» **RECORD SET**:

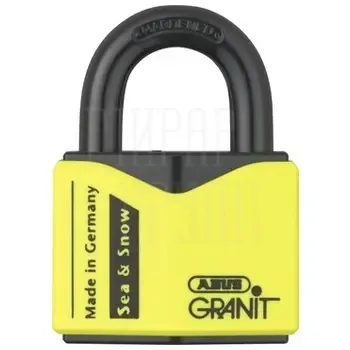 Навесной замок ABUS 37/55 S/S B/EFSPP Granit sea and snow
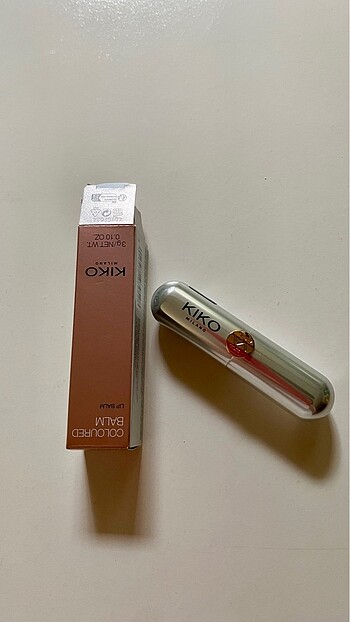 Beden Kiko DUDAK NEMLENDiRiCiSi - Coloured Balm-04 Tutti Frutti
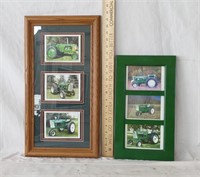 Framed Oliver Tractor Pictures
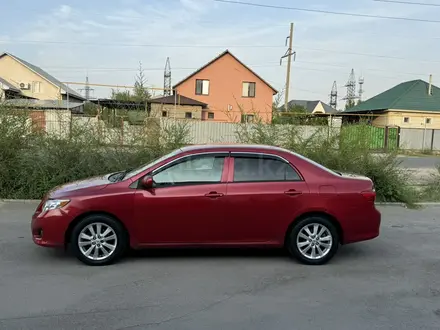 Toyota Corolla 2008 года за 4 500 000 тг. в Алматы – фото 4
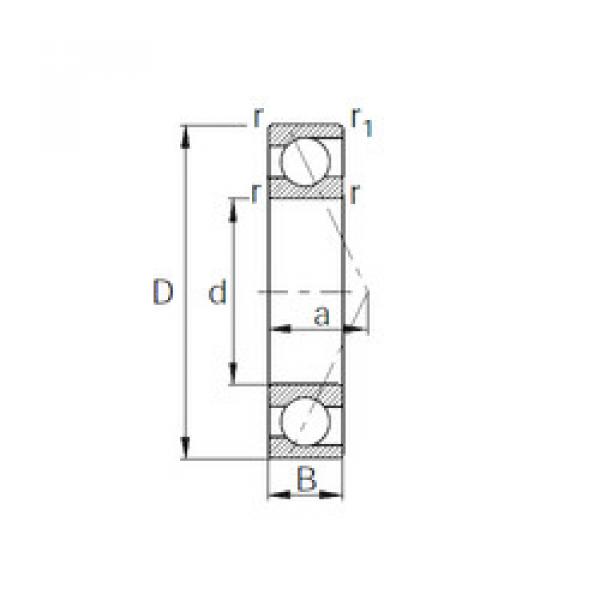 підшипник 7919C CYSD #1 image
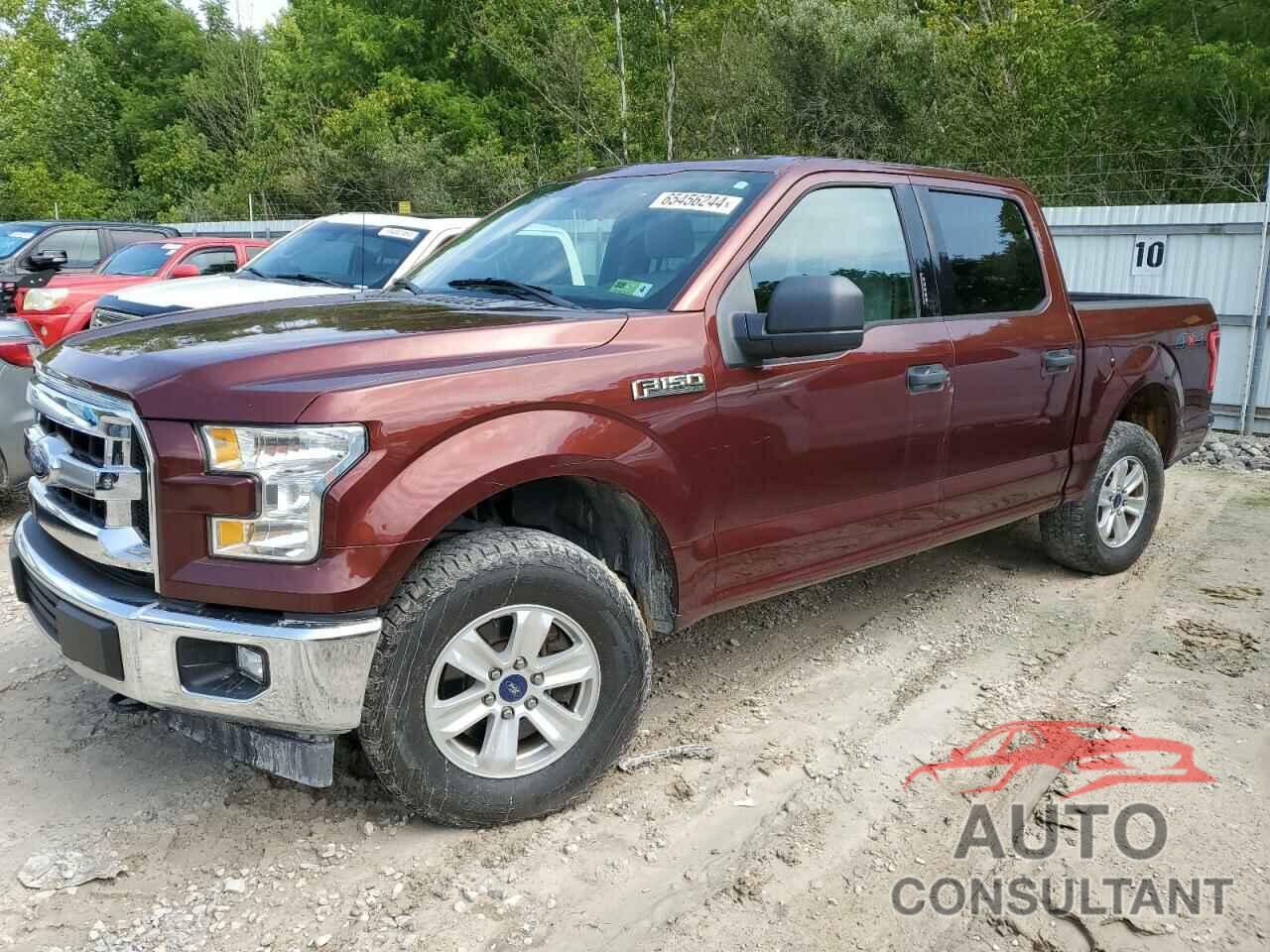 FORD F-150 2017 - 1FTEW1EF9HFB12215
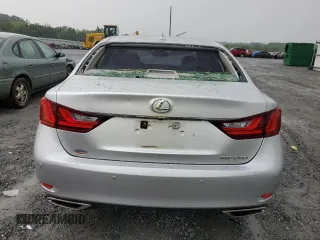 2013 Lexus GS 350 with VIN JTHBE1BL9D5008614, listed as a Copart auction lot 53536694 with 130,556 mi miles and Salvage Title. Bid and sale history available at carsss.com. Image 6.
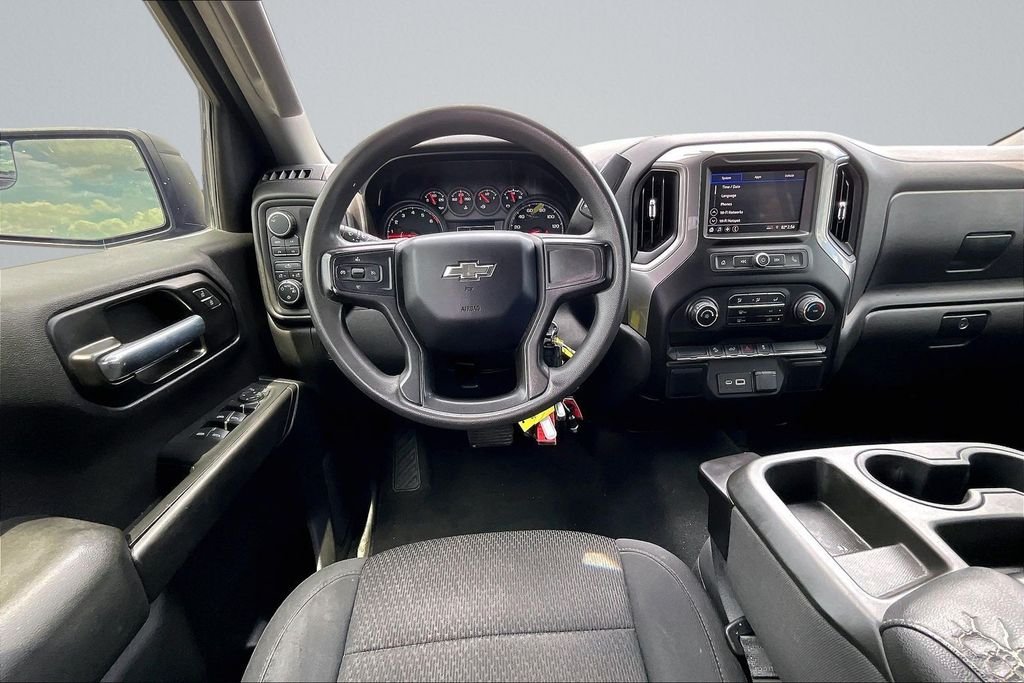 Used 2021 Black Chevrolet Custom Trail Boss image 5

» **TASK DESCRIPTION**:
From the first line to the last, copy the records above exactly and leave out the pictures.

» **RESPONSE BOX**:
 Навесной замок ABUS 37/55 S/S B/EFSPP Granit sea and snow
 Beden Kiko DUDAK NEMLENDiRiCiSi - Coloured Balm-04 Tutti Frutti
 Framed Oliver Tractor Pictures
 Toyota Corolla 2008 года за 4 500 000 тг. в Алматы – фото 4
 підшипник 7919C CYSD #1 image
 FORD F-150 2017 - 1FTEW1EF9HFB12215
 2013 Lexus GS 350 with VIN JTHBE1BL9D5008614, listed as a Copart auction lot 53536694 with 130,556 mi miles and Salvage Title. Bid and sale history available at carsss.com. Image 6.
 Used 2021 Black Chevrolet Custom Trail Boss image 5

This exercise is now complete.